=== Begin Enclosure ===
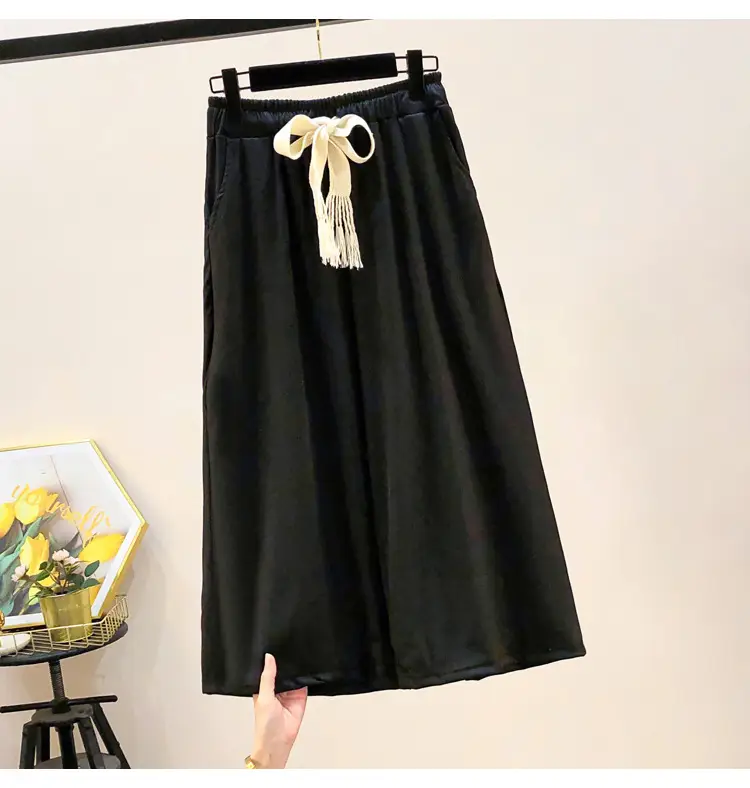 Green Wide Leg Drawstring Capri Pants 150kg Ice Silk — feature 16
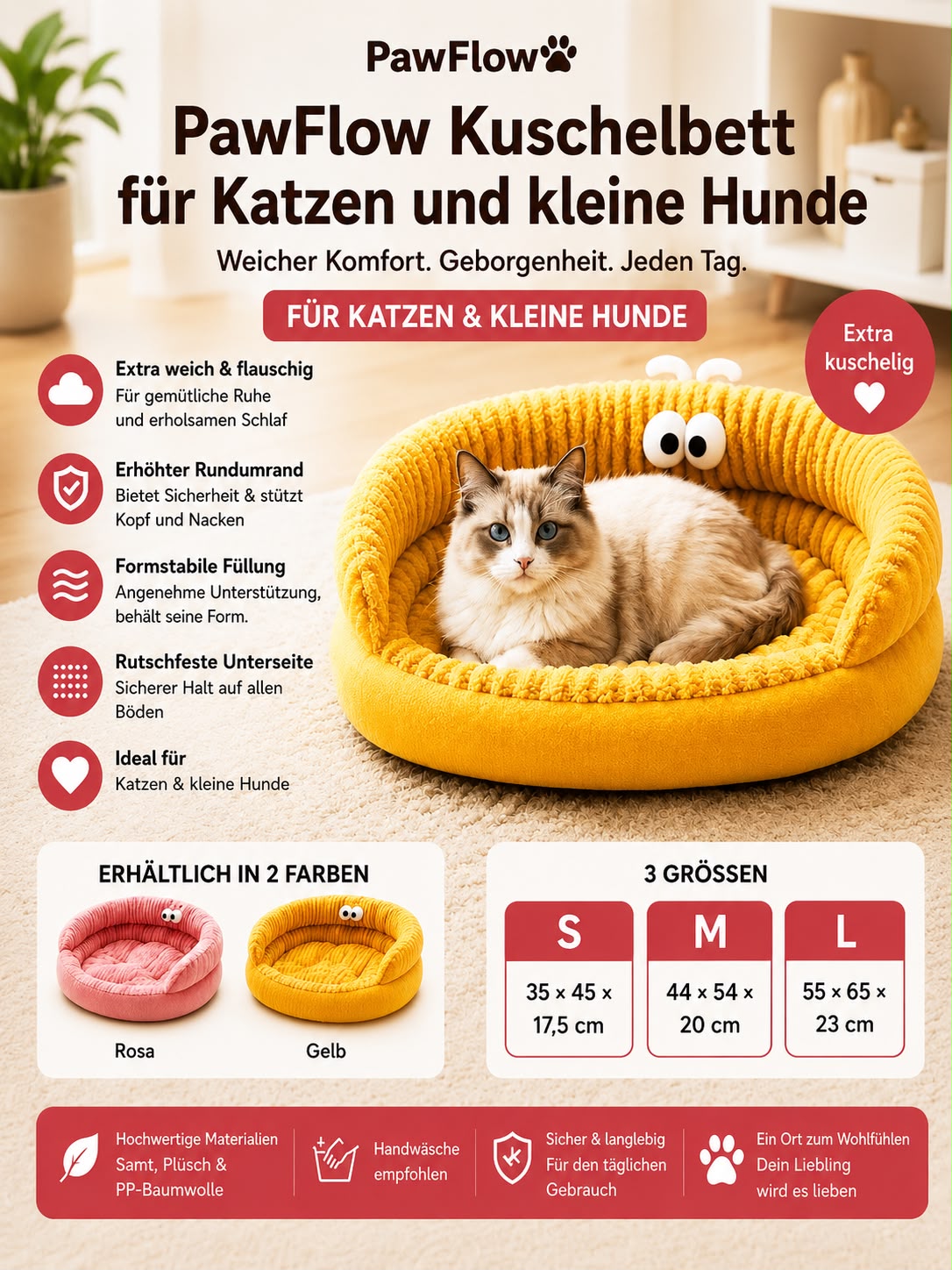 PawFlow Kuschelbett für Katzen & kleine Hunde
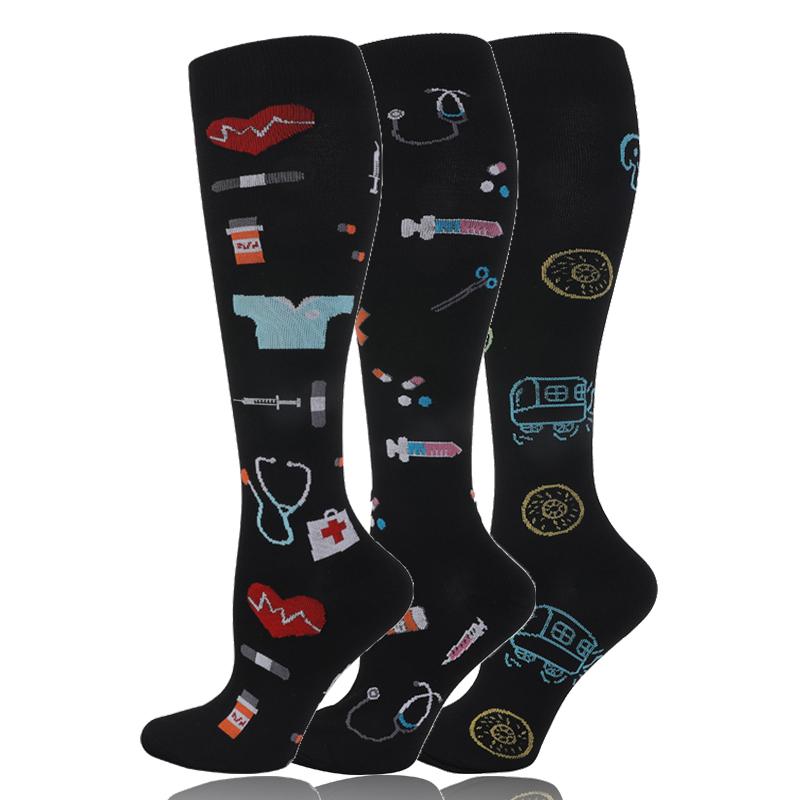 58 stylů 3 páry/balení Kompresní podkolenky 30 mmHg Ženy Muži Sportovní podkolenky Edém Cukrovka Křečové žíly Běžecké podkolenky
=== End Enclosure ===
=== Begin Enclosure ===
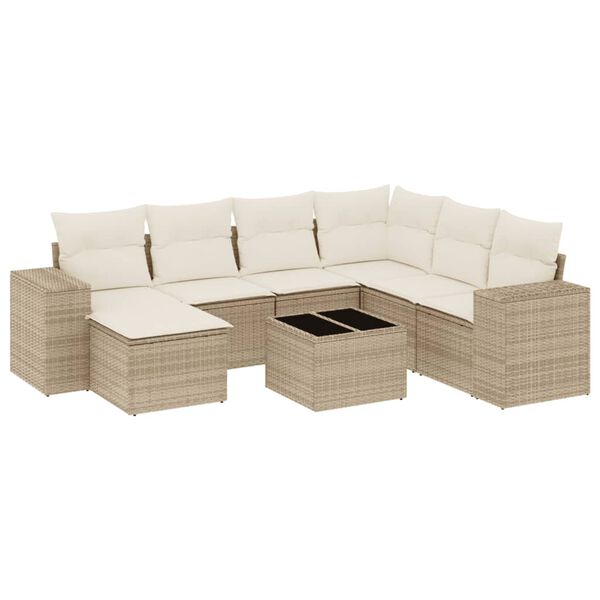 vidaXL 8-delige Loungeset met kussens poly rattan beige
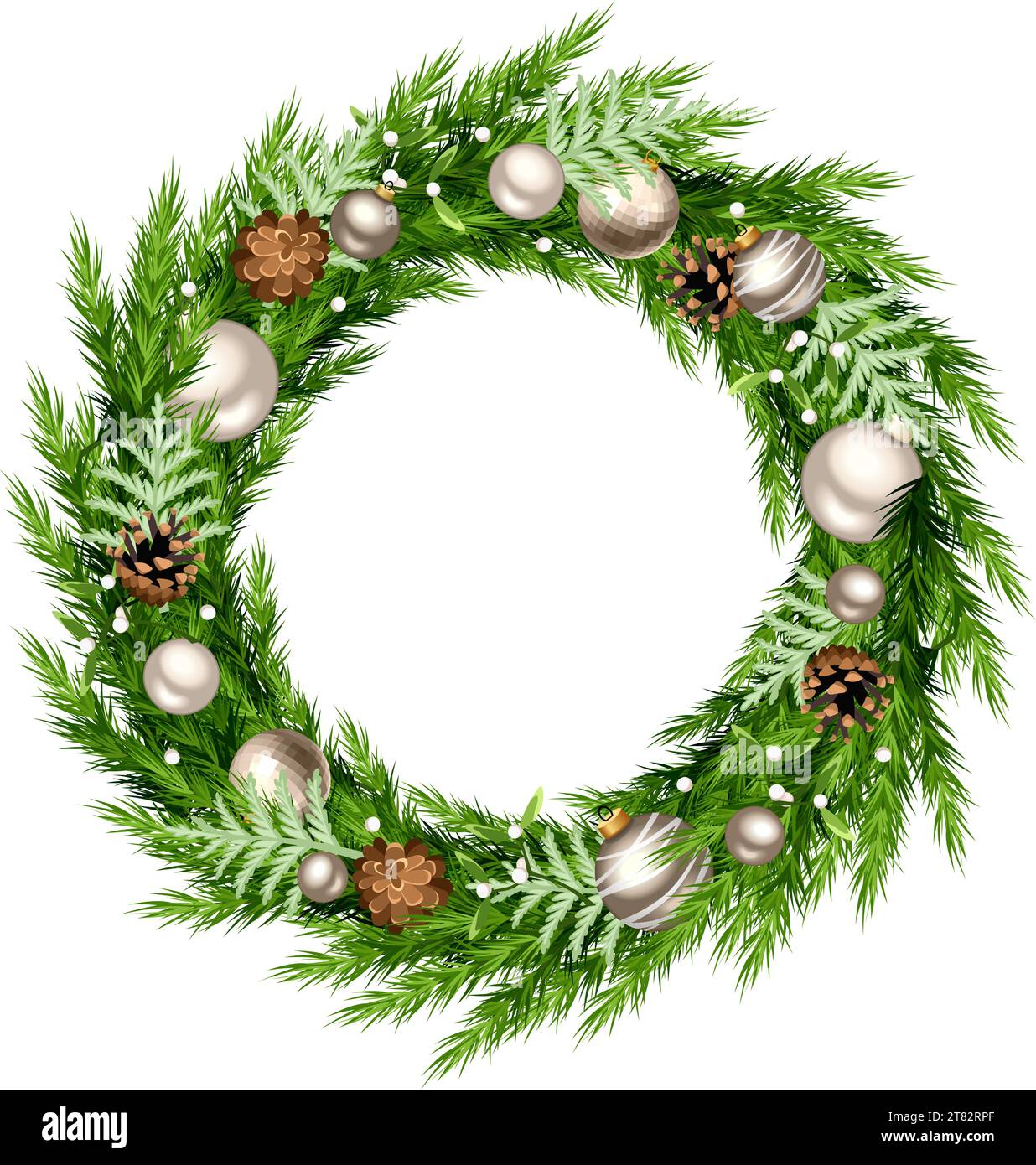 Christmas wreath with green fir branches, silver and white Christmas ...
=== End Enclosure ===
■ What is being asked: Exact copy, no pictures. Write out the lines in the entries above, starting with the line with "Green Wide Leg" and going on through the line with "58 stylů 3 páry/balení", keeping both.

■ Result of this exercise:
 Green Wide Leg Drawstring Capri Pants 150kg Ice Silk — feature 16
 PawFlow Kuschelbett für Katzen & kleine Hunde
 58 stylů 3 páry/balení Kompresní podkolenky 30 mmHg Ženy Muži Sportovní podkolenky Edém Cukrovka Křečové žíly Běžecké podkolenky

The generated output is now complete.